Crawled caption data
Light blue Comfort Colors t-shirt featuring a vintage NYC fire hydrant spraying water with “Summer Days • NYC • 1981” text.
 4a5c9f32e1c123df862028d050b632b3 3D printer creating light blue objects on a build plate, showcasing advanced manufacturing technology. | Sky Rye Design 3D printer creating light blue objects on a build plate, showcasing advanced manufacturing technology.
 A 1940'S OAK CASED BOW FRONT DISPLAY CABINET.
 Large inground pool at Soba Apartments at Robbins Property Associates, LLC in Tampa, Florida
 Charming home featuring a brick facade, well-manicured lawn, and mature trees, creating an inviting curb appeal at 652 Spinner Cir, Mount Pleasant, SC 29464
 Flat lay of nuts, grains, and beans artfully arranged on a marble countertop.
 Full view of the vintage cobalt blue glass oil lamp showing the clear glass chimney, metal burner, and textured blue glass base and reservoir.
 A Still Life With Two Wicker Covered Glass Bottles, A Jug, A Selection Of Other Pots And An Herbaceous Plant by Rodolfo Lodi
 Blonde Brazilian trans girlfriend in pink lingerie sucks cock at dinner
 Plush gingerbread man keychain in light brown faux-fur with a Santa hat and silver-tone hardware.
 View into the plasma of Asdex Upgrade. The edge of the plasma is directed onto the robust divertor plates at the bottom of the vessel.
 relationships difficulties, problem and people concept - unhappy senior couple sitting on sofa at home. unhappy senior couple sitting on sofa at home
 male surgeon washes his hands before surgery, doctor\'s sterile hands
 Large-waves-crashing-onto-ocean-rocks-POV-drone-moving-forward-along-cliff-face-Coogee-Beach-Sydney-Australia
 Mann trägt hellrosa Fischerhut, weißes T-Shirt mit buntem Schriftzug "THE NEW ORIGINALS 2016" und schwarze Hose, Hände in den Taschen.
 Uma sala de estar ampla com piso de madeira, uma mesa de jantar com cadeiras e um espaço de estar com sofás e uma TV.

THE PROBLEM: Write out only the lines from the very start of the entries above to the line that includes "Charming home featuring", both ends included, each one unchanged.

WRITTEN SOLUTION:
Light blue Comfort Colors t-shirt featuring a vintage NYC fire hydrant spraying water with “Summer Days • NYC • 1981” text.
 4a5c9f32e1c123df862028d050b632b3 3D printer creating light blue objects on a build plate, showcasing advanced manufacturing technology. | Sky Rye Design 3D printer creating light blue objects on a build plate, showcasing advanced manufacturing technology.
 A 1940'S OAK CASED BOW FRONT DISPLAY CABINET.
 Large inground pool at Soba Apartments at Robbins Property Associates, LLC in Tampa, Florida
 Charming home featuring a brick facade, well-manicured lawn, and mature trees, creating an inviting curb appeal at 652 Spinner Cir, Mount Pleasant, SC 29464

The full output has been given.